If you’ve already responded

If you already sent money, it is not your fault, and you are far from alone. Stop sending money immediately, including any “fees” required to withdraw. Contact your bank or the payment service to try to stop or reverse payments, and gather all records and messages. Report it to the FTC at ReportFraud.ftc.gov, and if cryptocurrency was involved, report it to the FBI at ic3.gov. Be wary of anyone who later contacts you promising to recover your money for a fee, which is usually a second scam.

In the news

Sources

Frequently asked questions

How do I know if an online relationship is a scam?

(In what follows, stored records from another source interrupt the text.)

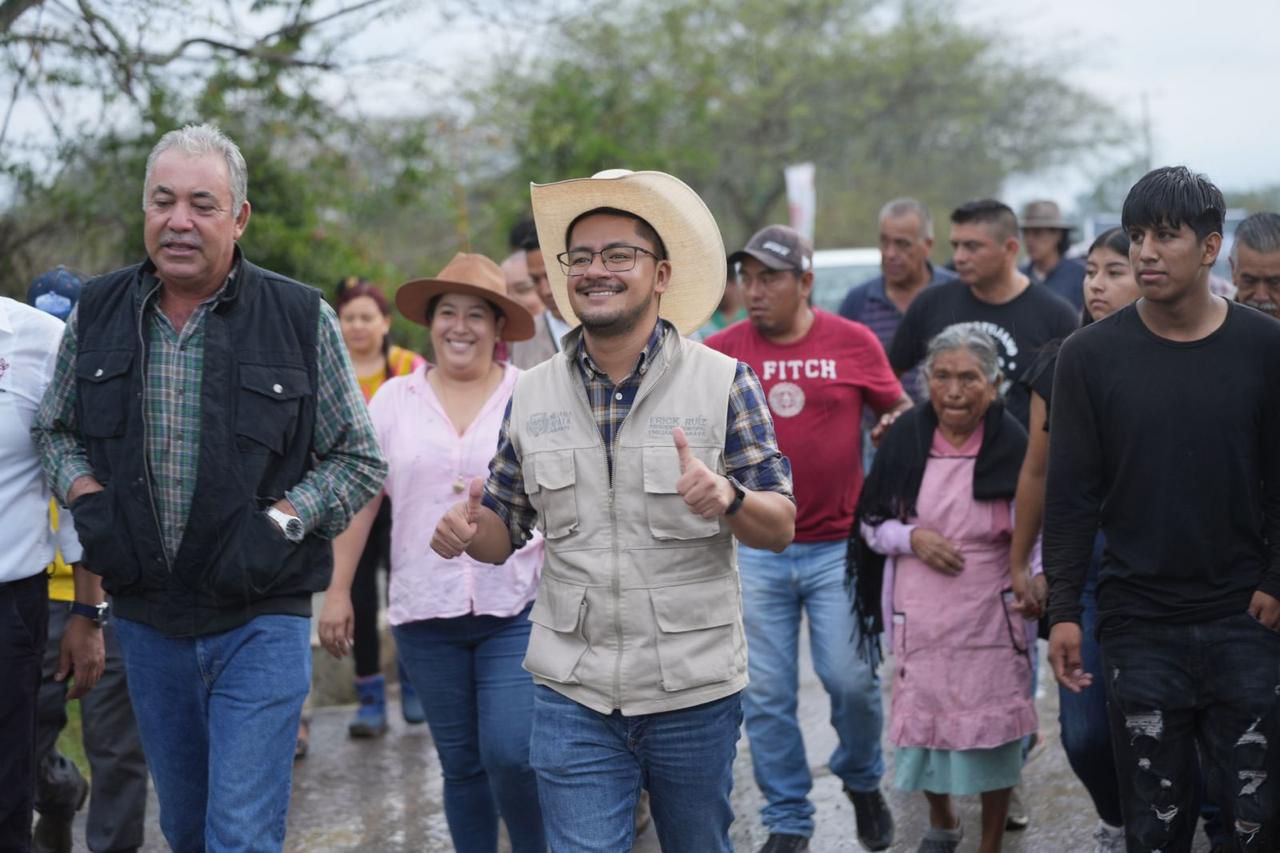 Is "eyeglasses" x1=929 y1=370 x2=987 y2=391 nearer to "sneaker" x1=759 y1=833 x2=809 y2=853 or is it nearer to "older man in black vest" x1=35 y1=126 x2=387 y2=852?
"sneaker" x1=759 y1=833 x2=809 y2=853

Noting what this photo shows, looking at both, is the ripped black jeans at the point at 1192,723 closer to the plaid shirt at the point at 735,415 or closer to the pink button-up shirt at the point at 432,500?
the plaid shirt at the point at 735,415

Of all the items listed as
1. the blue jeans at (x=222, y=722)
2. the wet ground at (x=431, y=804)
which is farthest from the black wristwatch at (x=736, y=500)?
the wet ground at (x=431, y=804)

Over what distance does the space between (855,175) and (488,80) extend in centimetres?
1197

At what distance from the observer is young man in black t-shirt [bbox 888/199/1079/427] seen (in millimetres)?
6605

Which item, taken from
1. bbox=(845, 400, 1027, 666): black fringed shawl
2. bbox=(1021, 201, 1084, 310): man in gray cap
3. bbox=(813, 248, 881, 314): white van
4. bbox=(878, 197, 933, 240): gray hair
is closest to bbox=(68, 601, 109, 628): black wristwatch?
bbox=(845, 400, 1027, 666): black fringed shawl

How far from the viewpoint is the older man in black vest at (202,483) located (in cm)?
413

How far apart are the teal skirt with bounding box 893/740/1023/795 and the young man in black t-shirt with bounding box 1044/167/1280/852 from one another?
108 centimetres

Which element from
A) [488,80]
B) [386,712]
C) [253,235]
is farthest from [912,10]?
[386,712]

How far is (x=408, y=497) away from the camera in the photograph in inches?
211

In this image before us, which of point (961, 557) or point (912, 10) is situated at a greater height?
point (912, 10)

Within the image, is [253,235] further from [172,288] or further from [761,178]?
[761,178]

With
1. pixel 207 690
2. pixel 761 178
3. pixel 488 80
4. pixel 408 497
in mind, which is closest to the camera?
pixel 207 690

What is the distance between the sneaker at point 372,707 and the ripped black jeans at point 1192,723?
4400 mm

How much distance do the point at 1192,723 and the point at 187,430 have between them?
2.86 m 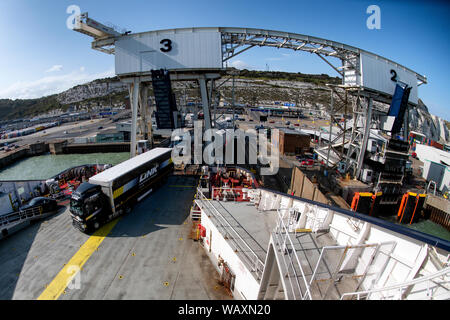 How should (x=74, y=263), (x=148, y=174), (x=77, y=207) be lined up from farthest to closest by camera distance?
(x=148, y=174)
(x=77, y=207)
(x=74, y=263)

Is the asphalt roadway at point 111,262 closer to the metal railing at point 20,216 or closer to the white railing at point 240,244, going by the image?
the metal railing at point 20,216

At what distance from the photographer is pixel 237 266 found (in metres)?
8.52

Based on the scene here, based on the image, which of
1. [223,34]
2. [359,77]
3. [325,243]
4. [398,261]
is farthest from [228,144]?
[398,261]

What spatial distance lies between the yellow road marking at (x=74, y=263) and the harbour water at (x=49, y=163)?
92.5ft

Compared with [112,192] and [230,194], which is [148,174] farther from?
[230,194]

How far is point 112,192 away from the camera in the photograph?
44.2 feet

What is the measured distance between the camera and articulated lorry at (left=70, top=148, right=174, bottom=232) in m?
12.4

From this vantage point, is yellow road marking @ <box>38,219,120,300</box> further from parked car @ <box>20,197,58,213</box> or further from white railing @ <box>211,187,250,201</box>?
white railing @ <box>211,187,250,201</box>

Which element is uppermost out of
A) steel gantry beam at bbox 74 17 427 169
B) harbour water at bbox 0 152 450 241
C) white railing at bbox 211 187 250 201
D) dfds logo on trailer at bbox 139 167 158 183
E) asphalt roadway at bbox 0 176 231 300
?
steel gantry beam at bbox 74 17 427 169

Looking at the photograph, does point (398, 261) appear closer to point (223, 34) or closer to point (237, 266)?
point (237, 266)

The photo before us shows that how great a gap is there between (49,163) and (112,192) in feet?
119

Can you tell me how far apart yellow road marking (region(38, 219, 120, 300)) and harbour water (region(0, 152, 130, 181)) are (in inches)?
1111

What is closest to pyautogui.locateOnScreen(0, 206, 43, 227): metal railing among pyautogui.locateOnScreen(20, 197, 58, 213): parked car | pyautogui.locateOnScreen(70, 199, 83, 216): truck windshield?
pyautogui.locateOnScreen(20, 197, 58, 213): parked car

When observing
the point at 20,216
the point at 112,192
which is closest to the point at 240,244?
the point at 112,192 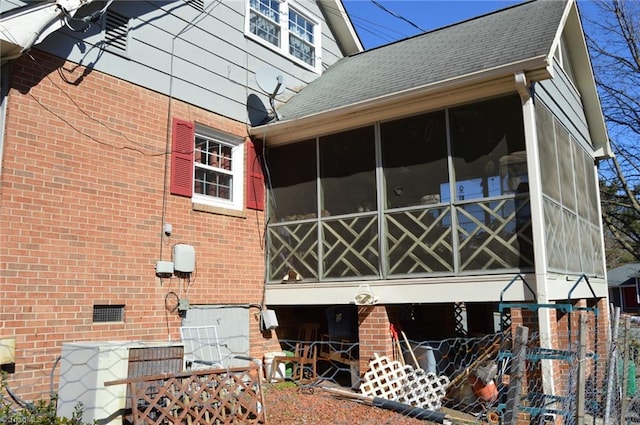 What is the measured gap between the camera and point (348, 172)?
903cm

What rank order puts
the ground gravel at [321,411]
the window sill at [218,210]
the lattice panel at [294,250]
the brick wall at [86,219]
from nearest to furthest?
the brick wall at [86,219] < the ground gravel at [321,411] < the window sill at [218,210] < the lattice panel at [294,250]

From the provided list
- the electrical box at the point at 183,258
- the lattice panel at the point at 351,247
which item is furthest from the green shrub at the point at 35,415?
the lattice panel at the point at 351,247

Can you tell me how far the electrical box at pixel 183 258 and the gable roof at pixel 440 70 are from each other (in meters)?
2.71

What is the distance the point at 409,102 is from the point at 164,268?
4.45 metres

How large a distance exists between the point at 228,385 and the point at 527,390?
389 centimetres

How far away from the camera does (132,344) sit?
5688 millimetres

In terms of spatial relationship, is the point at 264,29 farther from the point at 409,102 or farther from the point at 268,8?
the point at 409,102

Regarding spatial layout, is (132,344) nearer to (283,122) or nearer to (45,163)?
(45,163)

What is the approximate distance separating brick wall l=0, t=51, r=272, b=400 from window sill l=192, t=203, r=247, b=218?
10 centimetres

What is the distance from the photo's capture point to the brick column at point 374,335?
8156 mm

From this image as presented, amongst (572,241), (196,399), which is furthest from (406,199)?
(196,399)

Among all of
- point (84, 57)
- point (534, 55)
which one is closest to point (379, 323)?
point (534, 55)

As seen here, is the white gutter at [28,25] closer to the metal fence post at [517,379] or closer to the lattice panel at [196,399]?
the lattice panel at [196,399]

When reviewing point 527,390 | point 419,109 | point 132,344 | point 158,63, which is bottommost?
point 527,390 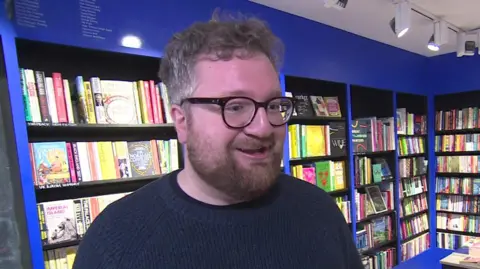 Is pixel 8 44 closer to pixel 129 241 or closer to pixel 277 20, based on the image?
pixel 129 241

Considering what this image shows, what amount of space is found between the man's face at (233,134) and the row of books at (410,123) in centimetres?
347

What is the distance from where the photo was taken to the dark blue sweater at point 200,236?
75cm

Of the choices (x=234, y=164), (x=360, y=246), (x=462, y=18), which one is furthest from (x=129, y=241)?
(x=462, y=18)

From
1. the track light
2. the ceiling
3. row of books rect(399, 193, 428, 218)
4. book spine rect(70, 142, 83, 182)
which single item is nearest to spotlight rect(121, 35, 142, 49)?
book spine rect(70, 142, 83, 182)

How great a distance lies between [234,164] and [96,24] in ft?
4.64

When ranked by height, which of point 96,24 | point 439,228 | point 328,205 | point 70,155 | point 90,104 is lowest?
point 439,228

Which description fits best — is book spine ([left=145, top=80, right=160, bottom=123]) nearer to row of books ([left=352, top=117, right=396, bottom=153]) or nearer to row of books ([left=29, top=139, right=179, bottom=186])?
row of books ([left=29, top=139, right=179, bottom=186])

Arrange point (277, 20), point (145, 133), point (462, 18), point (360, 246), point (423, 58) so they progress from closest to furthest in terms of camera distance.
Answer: point (145, 133) < point (277, 20) < point (462, 18) < point (360, 246) < point (423, 58)

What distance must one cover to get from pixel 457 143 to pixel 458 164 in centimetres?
27

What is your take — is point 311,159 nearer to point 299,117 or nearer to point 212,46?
point 299,117

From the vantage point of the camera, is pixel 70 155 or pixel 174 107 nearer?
pixel 174 107

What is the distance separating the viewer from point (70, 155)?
5.59ft

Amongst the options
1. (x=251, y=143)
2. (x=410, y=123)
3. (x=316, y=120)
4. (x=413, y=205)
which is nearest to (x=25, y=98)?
(x=251, y=143)

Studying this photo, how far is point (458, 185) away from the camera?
4105mm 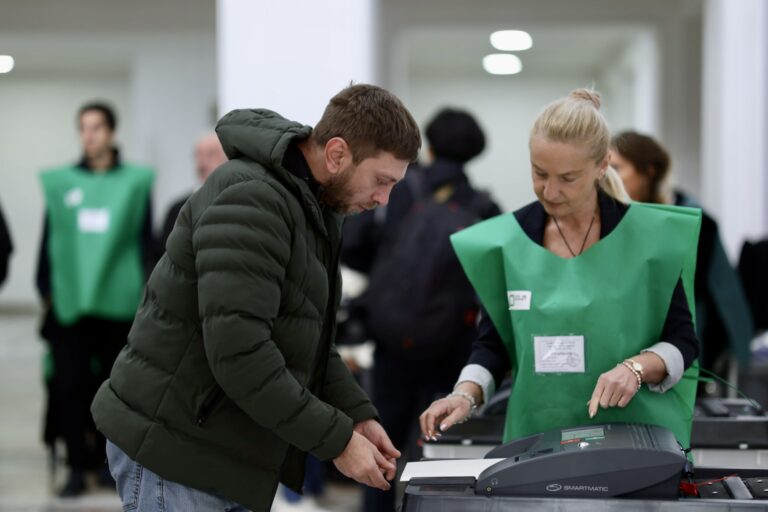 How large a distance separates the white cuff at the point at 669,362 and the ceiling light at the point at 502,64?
11.3m

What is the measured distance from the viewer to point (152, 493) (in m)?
1.98

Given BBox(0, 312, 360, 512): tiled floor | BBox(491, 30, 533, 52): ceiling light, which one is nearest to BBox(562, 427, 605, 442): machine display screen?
BBox(0, 312, 360, 512): tiled floor

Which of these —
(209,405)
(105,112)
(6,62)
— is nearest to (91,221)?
(105,112)

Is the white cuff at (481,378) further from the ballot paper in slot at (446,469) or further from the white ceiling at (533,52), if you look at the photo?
the white ceiling at (533,52)

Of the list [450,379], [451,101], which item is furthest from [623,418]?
[451,101]

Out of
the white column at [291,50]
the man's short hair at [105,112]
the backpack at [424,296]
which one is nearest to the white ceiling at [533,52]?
the man's short hair at [105,112]

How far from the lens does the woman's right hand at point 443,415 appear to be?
7.30 feet

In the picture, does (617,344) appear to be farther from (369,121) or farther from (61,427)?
(61,427)

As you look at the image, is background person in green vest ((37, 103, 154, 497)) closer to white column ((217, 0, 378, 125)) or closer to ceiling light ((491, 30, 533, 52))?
white column ((217, 0, 378, 125))

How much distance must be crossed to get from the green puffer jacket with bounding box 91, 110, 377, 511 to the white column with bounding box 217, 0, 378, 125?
2.51 meters

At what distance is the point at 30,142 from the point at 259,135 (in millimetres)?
11746

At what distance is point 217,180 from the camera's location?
73.9 inches

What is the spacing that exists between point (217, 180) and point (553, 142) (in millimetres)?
684

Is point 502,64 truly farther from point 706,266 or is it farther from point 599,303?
point 599,303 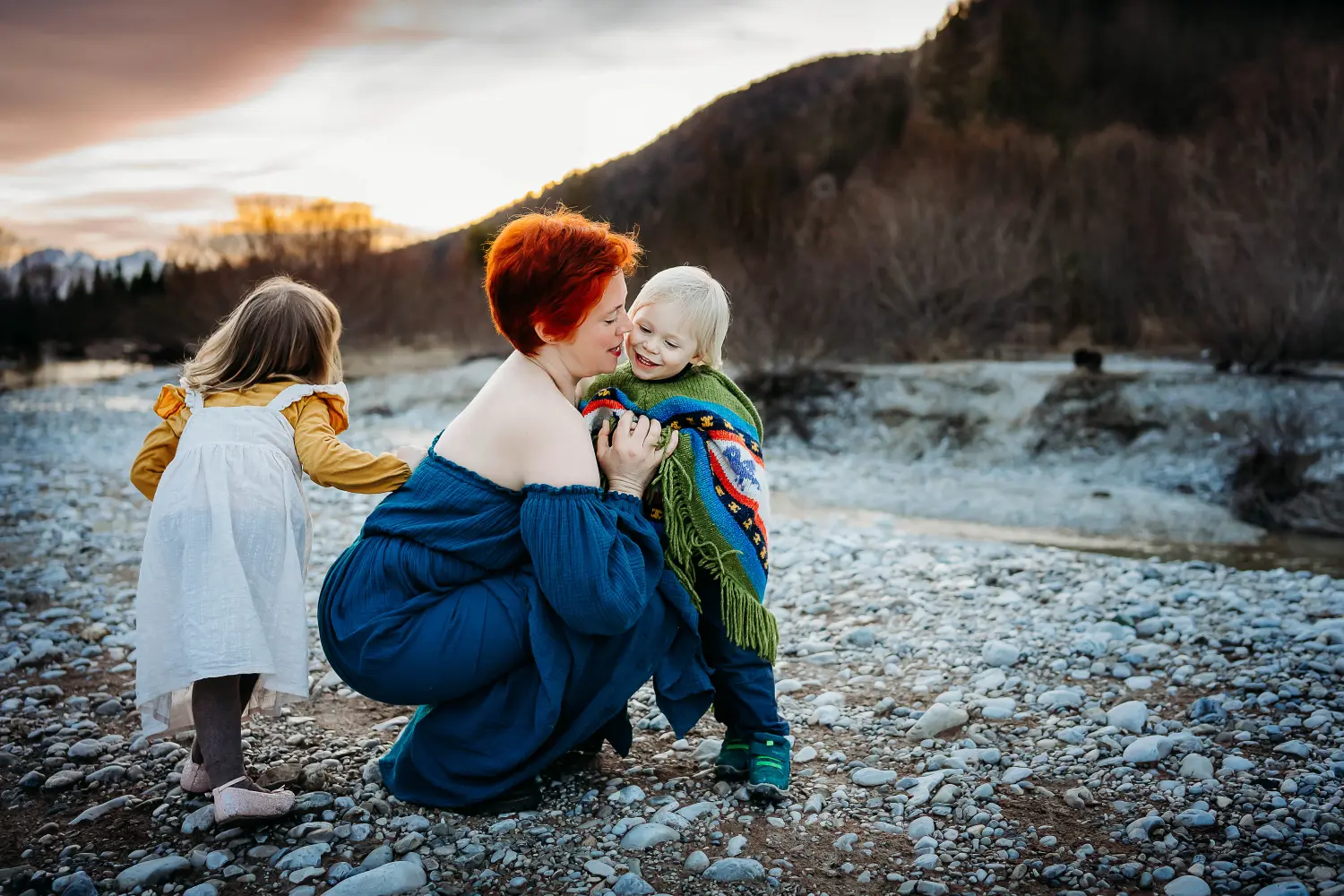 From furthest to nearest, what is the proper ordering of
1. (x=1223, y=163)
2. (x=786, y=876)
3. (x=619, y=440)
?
(x=1223, y=163), (x=619, y=440), (x=786, y=876)

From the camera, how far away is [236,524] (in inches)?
113

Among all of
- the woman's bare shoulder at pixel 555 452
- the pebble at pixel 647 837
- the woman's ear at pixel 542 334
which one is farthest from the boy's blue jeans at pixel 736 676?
the woman's ear at pixel 542 334

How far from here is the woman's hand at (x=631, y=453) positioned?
2980 mm

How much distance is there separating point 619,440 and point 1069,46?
3148cm

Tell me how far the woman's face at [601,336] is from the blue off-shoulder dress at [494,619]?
0.43 metres

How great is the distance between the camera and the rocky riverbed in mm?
2709

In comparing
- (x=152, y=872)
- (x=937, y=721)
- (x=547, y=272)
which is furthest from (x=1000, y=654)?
(x=152, y=872)

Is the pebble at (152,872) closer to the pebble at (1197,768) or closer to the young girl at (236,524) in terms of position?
the young girl at (236,524)

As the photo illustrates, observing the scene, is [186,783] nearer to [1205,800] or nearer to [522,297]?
[522,297]

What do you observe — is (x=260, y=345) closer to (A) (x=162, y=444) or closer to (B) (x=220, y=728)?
(A) (x=162, y=444)

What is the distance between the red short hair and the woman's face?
30mm

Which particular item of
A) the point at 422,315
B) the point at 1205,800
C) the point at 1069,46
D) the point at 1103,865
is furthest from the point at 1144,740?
the point at 1069,46

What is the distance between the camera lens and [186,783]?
312cm

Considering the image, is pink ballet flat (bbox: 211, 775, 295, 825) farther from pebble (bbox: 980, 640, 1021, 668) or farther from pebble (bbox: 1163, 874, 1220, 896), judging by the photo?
pebble (bbox: 980, 640, 1021, 668) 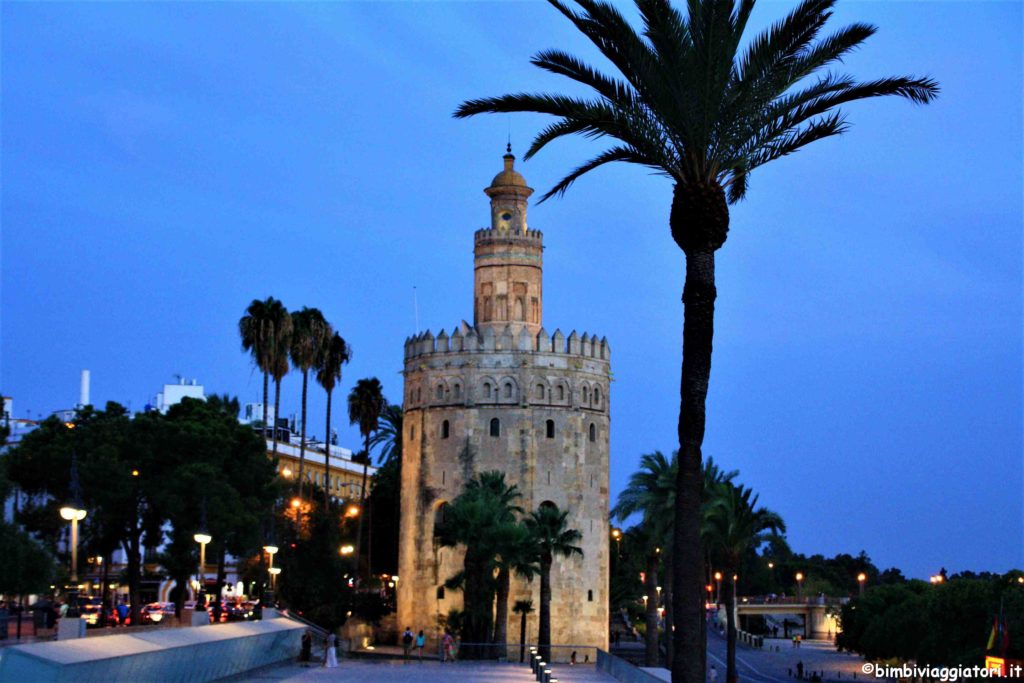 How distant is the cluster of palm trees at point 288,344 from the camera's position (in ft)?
215

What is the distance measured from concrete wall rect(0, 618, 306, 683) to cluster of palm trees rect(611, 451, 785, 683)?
15294 mm

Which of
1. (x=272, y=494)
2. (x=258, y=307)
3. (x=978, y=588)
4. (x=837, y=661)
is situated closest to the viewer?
(x=978, y=588)

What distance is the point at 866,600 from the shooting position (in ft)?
208

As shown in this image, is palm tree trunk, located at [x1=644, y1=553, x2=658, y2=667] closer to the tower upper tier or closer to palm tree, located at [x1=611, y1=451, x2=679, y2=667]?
palm tree, located at [x1=611, y1=451, x2=679, y2=667]

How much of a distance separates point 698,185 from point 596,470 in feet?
137

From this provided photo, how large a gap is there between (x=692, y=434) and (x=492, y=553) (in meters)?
29.9

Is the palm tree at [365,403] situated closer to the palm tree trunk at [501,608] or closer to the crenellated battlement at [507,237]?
the crenellated battlement at [507,237]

Be cautious if they avoid meeting in person, profess love quickly, refuse video calls, or steer the conversation toward money or crypto.

What is pig butchering?

A romance scam that moves the victim into a fake investment, usually cryptocurrency, draining larger and larger amounts before disappearing.

Can you get the money back?

Sometimes, if you act fast. Contact your bank and report it immediately. Do not pay anyone who promises to recover funds for an upfront fee.

How do I help a parent I think is being scammed?

Lead with care, not blame. Share examples like this one, ask gentle questions, and offer to look into the partner together. Shame keeps victims silent, so kindness matters.